**WHAT TO DO**
Below is a listing. Copy each line of it that holds the word "stitching".

━━━ RAW DATA

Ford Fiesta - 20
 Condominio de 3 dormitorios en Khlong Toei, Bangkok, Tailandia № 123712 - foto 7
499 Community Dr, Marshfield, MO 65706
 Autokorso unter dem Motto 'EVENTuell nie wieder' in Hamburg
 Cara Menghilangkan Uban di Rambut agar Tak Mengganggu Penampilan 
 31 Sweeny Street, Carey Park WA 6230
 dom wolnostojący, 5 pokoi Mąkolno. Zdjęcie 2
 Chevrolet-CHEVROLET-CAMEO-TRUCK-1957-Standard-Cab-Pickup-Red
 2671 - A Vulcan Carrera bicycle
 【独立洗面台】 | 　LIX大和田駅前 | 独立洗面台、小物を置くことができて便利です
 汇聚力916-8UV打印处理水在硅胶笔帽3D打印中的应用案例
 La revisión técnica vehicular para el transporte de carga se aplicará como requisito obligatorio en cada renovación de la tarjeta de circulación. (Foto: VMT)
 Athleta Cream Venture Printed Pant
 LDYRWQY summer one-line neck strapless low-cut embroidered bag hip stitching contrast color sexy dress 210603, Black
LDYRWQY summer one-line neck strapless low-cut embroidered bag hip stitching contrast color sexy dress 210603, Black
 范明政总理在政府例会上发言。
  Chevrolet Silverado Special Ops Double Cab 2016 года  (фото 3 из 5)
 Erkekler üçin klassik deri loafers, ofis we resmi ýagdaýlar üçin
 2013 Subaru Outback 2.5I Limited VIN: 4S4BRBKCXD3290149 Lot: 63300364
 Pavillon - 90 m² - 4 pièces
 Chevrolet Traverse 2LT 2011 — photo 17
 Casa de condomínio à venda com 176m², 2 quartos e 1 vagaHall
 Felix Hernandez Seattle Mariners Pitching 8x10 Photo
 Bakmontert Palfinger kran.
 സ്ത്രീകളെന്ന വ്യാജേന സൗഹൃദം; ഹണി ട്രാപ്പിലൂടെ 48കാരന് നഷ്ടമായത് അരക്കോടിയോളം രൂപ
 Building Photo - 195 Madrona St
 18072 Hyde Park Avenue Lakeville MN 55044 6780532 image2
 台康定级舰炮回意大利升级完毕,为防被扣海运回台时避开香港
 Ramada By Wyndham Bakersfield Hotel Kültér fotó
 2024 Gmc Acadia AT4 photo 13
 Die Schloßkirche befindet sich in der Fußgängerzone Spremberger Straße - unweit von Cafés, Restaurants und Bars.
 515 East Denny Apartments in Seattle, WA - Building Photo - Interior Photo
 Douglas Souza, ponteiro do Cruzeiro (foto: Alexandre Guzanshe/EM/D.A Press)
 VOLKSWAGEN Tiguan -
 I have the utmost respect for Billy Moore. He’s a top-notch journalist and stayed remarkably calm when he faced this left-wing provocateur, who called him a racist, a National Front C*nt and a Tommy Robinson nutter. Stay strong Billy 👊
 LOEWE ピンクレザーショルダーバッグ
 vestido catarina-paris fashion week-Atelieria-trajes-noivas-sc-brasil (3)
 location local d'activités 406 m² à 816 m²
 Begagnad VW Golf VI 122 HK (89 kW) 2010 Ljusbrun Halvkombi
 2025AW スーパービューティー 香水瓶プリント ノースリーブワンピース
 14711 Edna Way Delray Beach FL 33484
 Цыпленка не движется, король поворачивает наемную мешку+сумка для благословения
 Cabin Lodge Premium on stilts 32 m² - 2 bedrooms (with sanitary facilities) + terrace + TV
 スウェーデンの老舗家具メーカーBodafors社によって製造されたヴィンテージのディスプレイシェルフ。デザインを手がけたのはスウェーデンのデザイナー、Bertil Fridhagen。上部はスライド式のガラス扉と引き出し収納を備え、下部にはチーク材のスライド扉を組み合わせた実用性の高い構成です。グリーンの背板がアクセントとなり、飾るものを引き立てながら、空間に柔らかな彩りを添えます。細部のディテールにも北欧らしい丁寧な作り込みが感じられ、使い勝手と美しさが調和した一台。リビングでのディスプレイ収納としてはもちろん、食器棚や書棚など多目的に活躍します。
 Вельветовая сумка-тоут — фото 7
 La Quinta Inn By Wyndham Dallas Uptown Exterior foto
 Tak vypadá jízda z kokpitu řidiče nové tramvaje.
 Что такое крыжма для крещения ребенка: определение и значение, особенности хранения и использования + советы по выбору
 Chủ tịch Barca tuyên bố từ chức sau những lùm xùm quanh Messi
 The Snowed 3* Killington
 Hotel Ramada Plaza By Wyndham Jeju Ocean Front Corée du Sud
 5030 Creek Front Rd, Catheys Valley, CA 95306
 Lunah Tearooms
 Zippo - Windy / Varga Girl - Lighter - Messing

━━━━━━

**YOUR SOLUTION**
 LDYRWQY summer one-line neck strapless low-cut embroidered bag hip stitching contrast color sexy dress 210603, Black
LDYRWQY summer one-line neck strapless low-cut embroidered bag hip stitching contrast color sexy dress 210603, Black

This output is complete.